Modestes soutiens de l’ordre social, Delivet Gaston et Massol Honoré, combien votre assistance me fut précieuse !
Qu’aurais-je fait sans vous ? Sans vous, combien de fois, aux carrefours, j’eusse choisi la mauvaise route ! Sans vous, Arsène Lupin se trompait, et l’autre s’échappait !
Mais tout n’était pas fini. Loin de là. Il me restait d’abord à rattraper l’individu et ensuite à m’emparer moi-même des papiers qu’il m’avait dérobés. À aucun prix, il ne fallait que mes deux acolytes missent le nez dans ces documents, encore moins qu’ils ne s’en saisissent. Me servir d’eux et agir en dehors d’eux, voilà ce que je voulais et qui n’était point aisé.

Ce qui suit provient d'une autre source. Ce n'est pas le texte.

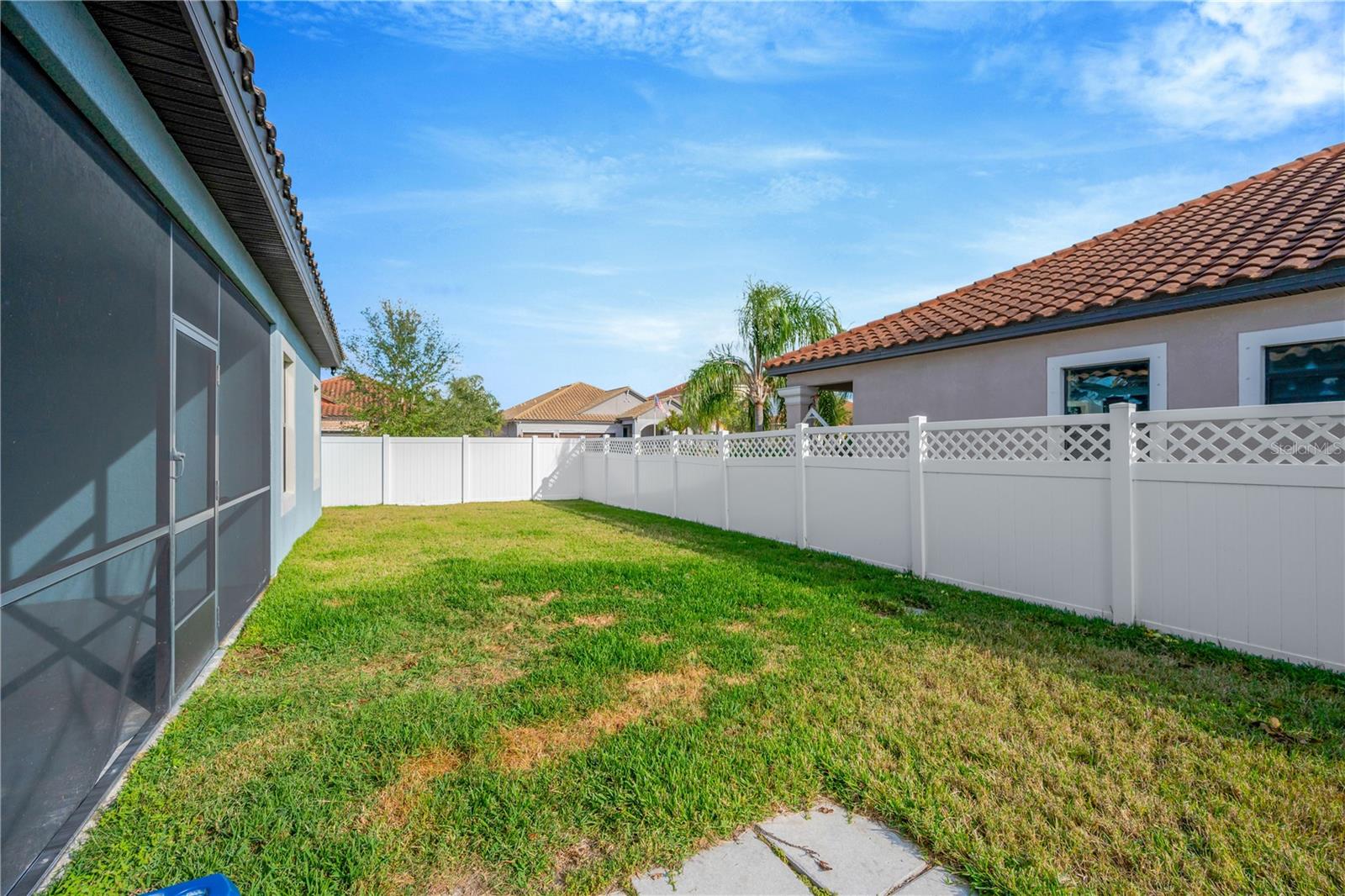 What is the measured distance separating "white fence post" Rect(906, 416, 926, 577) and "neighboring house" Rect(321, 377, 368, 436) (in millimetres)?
18597

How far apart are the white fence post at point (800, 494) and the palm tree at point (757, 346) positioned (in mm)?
8932

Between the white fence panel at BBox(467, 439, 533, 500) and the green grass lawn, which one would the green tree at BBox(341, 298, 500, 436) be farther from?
the green grass lawn

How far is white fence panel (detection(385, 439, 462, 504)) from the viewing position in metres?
15.0

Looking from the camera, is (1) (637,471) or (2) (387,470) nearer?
(1) (637,471)

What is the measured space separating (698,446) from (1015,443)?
6207 millimetres

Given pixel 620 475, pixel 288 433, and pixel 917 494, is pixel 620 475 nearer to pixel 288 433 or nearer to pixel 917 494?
pixel 288 433

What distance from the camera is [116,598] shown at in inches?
112

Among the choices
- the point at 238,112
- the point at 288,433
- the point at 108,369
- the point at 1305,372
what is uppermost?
the point at 238,112

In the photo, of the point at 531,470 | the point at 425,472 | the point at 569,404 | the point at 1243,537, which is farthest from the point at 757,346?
the point at 569,404

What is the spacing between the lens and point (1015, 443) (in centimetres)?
539

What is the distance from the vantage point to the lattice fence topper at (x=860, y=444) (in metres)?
6.61

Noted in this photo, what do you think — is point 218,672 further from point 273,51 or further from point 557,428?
point 557,428

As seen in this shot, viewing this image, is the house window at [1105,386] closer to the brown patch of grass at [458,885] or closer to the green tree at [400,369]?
the brown patch of grass at [458,885]

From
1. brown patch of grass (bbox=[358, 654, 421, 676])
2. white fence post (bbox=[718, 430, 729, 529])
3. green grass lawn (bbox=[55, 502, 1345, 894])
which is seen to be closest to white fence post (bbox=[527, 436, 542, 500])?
white fence post (bbox=[718, 430, 729, 529]) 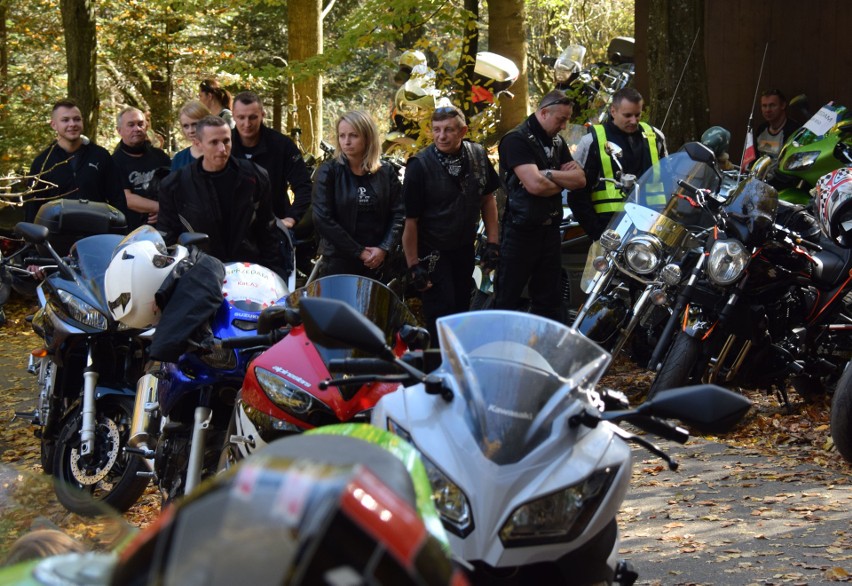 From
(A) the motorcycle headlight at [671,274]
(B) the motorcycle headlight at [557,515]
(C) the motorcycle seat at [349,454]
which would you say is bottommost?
(A) the motorcycle headlight at [671,274]

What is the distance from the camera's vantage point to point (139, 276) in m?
6.14

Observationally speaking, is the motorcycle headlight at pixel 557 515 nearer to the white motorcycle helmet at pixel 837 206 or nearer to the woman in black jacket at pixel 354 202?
the white motorcycle helmet at pixel 837 206

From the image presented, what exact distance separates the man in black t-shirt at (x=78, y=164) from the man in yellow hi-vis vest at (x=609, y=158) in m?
3.98

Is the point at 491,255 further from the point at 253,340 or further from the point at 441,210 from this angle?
the point at 253,340

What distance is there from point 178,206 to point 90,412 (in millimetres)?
1434

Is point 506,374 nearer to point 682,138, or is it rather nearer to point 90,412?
point 90,412

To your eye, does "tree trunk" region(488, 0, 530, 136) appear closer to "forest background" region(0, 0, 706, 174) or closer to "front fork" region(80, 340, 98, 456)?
"forest background" region(0, 0, 706, 174)

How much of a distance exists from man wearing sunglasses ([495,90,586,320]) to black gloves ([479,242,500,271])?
92 millimetres

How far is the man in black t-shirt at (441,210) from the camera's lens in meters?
8.86

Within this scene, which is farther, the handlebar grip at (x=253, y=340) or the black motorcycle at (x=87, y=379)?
the black motorcycle at (x=87, y=379)

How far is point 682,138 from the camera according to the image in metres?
11.6

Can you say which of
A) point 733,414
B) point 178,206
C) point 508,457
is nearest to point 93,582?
point 508,457

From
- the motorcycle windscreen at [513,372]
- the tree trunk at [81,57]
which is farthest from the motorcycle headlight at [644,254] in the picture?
the tree trunk at [81,57]

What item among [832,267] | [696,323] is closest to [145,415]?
[696,323] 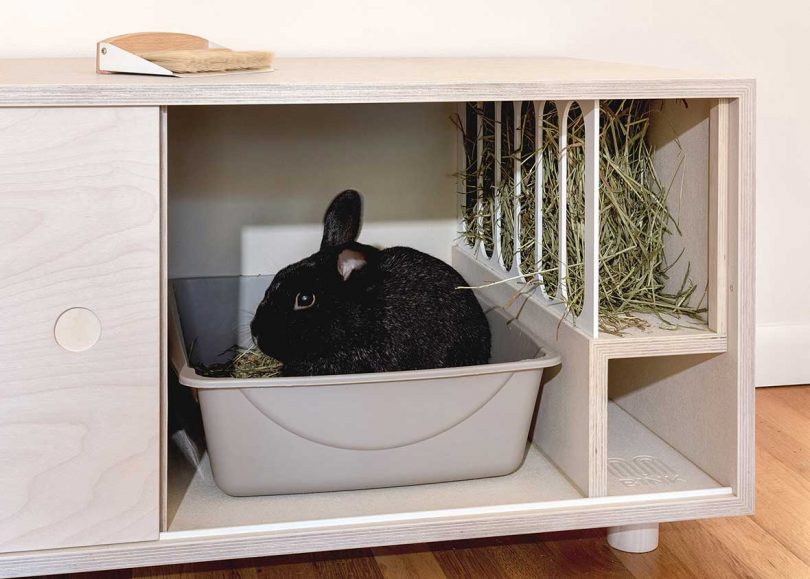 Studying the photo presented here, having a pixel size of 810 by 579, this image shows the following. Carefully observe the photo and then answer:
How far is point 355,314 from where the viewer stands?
1.22 m

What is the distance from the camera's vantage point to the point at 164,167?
962 mm

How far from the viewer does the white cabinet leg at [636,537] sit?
48.2 inches

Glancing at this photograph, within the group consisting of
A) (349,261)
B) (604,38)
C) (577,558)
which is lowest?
(577,558)

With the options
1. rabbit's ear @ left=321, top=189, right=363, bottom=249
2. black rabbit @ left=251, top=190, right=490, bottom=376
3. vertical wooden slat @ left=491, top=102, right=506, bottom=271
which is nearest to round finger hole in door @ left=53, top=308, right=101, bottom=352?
black rabbit @ left=251, top=190, right=490, bottom=376

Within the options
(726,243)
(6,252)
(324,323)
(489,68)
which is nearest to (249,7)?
(489,68)

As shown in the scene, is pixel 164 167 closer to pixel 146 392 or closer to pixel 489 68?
pixel 146 392

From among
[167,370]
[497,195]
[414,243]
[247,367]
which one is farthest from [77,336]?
[414,243]

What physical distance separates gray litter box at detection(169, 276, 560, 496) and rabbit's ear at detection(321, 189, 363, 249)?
24 cm

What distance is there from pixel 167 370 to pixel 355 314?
0.24 m

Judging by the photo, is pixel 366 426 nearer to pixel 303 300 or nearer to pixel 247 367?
pixel 303 300

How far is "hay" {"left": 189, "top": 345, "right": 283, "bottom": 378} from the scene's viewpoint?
137 centimetres

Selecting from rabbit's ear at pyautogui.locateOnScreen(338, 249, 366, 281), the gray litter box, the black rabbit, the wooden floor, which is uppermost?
rabbit's ear at pyautogui.locateOnScreen(338, 249, 366, 281)

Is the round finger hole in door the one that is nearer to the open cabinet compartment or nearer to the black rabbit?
the open cabinet compartment

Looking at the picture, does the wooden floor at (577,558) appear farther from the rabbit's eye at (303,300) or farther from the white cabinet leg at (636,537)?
the rabbit's eye at (303,300) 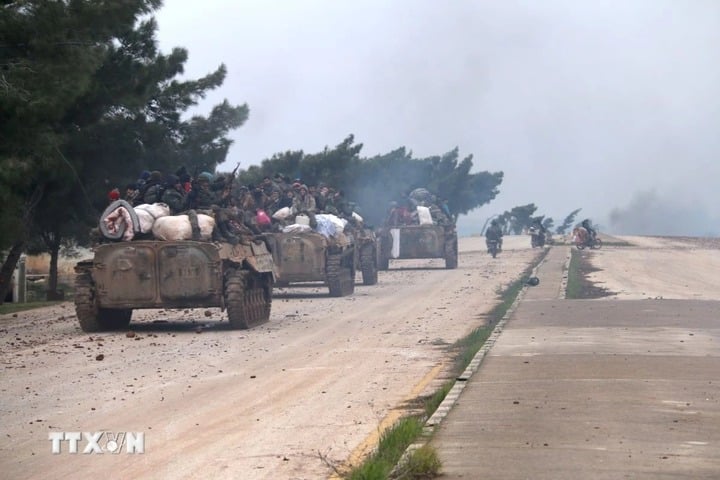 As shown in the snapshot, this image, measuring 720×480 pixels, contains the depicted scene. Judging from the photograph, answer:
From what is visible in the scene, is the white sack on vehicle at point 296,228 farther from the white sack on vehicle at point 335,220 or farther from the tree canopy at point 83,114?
the tree canopy at point 83,114

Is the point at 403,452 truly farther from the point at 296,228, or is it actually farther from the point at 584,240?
the point at 584,240

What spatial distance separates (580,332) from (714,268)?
78.1 feet

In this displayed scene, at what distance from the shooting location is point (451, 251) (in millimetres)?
39750

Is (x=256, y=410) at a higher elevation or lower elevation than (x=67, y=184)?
lower

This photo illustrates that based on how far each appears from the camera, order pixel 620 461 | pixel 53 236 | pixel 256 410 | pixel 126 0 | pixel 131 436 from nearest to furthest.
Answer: pixel 620 461 → pixel 131 436 → pixel 256 410 → pixel 126 0 → pixel 53 236

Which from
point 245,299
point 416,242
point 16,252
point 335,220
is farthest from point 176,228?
point 416,242

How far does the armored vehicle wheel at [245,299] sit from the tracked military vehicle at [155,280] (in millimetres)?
15

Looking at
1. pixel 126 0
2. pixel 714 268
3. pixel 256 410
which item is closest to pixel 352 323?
pixel 126 0

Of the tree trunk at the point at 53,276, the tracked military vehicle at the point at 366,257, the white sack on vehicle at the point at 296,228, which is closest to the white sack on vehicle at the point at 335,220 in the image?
the white sack on vehicle at the point at 296,228

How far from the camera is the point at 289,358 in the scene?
1541 cm

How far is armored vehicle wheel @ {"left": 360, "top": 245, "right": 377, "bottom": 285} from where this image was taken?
32.5 metres

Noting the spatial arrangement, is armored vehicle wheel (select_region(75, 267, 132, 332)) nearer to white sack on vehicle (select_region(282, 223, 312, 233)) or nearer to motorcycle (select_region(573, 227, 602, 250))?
white sack on vehicle (select_region(282, 223, 312, 233))

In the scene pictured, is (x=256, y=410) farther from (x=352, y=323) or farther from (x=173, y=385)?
(x=352, y=323)

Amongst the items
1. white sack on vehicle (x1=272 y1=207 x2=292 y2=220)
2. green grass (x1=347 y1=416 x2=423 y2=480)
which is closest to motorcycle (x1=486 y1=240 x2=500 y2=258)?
white sack on vehicle (x1=272 y1=207 x2=292 y2=220) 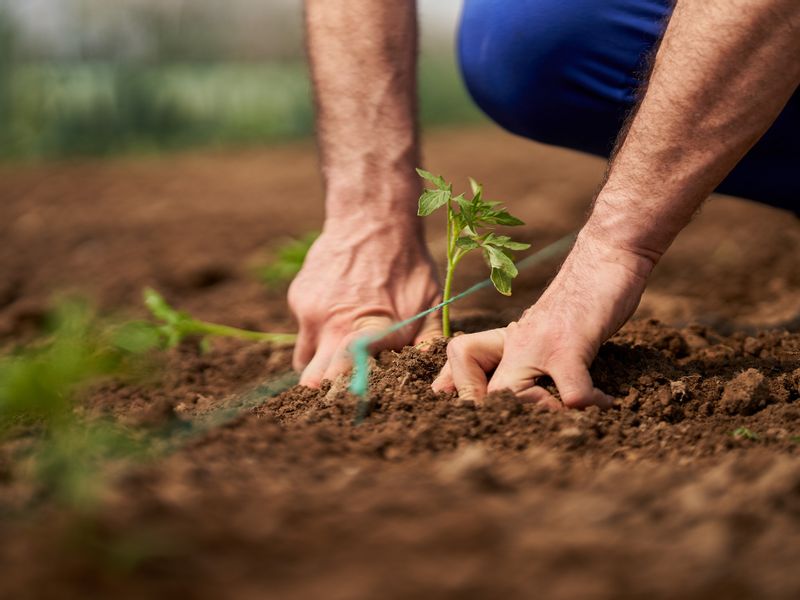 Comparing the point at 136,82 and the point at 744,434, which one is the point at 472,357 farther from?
the point at 136,82

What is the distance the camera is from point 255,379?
2.28 meters

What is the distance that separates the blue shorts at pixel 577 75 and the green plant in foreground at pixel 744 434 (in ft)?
3.32

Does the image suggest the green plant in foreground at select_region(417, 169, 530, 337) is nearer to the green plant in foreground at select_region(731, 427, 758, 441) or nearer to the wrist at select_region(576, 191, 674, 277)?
the wrist at select_region(576, 191, 674, 277)

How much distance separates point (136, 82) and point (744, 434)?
312 inches

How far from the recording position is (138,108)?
336 inches

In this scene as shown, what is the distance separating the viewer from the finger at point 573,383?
158 centimetres

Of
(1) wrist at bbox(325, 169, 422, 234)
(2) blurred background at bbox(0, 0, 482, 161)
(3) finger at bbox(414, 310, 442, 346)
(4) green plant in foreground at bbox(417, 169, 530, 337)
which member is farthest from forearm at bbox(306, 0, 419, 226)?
(2) blurred background at bbox(0, 0, 482, 161)

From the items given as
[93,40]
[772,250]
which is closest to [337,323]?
[772,250]

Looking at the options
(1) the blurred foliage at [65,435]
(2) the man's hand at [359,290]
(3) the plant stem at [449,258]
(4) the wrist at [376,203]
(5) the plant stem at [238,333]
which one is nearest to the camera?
(1) the blurred foliage at [65,435]

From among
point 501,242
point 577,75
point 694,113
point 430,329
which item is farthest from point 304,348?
point 577,75

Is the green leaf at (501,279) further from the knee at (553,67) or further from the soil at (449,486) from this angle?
the knee at (553,67)

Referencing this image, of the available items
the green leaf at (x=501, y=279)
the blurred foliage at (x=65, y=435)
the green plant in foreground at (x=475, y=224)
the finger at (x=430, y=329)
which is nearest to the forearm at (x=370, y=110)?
the finger at (x=430, y=329)

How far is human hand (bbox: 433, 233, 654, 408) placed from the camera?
1.59 meters

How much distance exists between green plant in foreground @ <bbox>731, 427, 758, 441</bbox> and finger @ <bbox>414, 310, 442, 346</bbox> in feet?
2.02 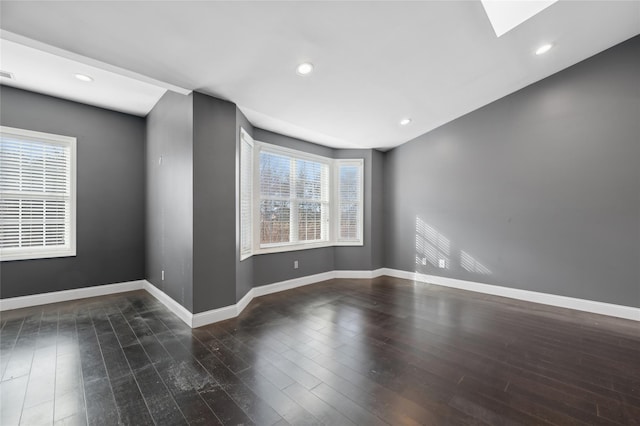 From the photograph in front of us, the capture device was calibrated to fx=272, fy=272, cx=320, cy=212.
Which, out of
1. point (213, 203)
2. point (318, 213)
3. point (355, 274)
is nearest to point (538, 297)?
point (355, 274)

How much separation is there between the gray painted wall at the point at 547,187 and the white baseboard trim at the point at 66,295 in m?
4.90

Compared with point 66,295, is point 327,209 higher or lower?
higher

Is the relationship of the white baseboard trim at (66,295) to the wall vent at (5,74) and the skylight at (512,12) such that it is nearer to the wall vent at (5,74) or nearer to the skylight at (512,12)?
the wall vent at (5,74)

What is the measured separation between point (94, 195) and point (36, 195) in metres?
0.60

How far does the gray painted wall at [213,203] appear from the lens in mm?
3012

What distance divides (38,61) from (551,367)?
5533mm

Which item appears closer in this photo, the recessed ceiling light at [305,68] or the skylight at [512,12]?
the skylight at [512,12]

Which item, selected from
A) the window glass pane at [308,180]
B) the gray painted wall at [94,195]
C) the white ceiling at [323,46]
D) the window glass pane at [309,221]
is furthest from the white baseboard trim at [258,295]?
the white ceiling at [323,46]

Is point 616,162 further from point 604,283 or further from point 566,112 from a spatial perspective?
point 604,283

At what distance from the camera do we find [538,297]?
379 cm

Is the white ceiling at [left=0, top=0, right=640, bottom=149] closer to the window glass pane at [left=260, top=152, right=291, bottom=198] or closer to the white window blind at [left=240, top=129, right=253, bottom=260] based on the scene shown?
the white window blind at [left=240, top=129, right=253, bottom=260]

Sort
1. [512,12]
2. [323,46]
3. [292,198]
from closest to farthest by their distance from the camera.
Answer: [323,46] → [512,12] → [292,198]

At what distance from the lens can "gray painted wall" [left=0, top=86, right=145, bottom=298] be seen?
3482 mm

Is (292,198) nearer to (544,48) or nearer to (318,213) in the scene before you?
(318,213) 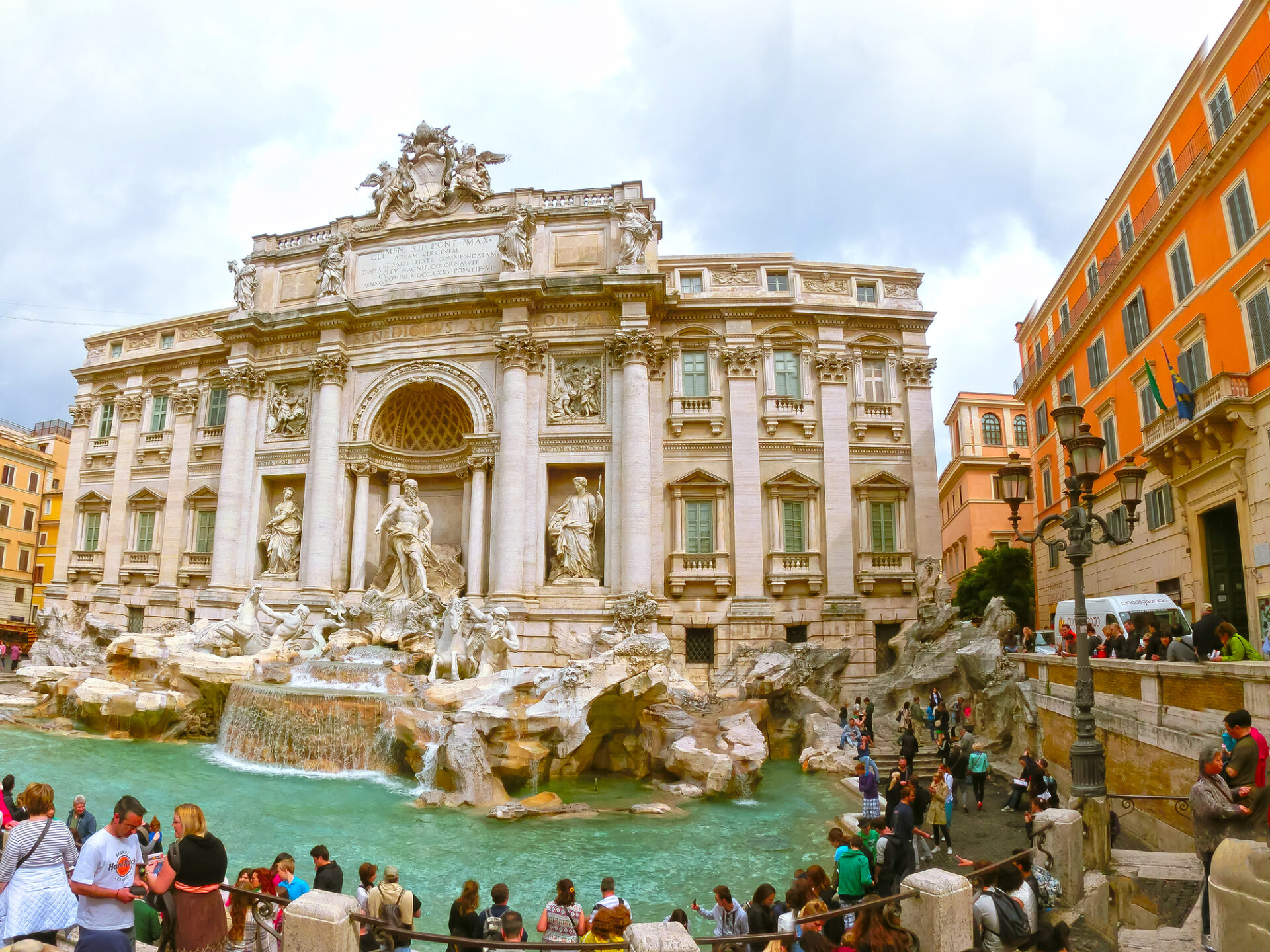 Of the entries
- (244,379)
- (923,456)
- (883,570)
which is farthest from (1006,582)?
(244,379)

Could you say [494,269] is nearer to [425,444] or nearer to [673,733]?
[425,444]

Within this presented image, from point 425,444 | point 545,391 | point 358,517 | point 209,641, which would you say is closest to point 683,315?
point 545,391

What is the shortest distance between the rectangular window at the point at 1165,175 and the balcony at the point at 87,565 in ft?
110

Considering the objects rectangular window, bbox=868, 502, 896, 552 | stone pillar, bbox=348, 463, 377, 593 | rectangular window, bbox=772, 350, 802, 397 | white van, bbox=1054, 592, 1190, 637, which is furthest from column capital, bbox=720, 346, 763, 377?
stone pillar, bbox=348, 463, 377, 593

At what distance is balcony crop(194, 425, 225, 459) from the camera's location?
26.0 metres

À Darnétal, nous arrivâmes trois minutes après le passage du train. Il est vrai que j’eus la consolation d’apprendre qu’un individu en pardessus gris, à taille, à collet de velours noir, était monté dans un compartiment de seconde classe, muni d’un billet pour Amiens. Décidément, mes débuts comme policier promettaient.
Delivet me dit :
– Le train est express et ne s’arrête plus qu’à Montérolier-Buchy, dans dix-neuf minutes. Si nous n’y sommes pas avant Arsène Lupin, il peut continuer sur Amiens, comme bifurquer sur Clères, et de là gagner Dieppe ou Paris.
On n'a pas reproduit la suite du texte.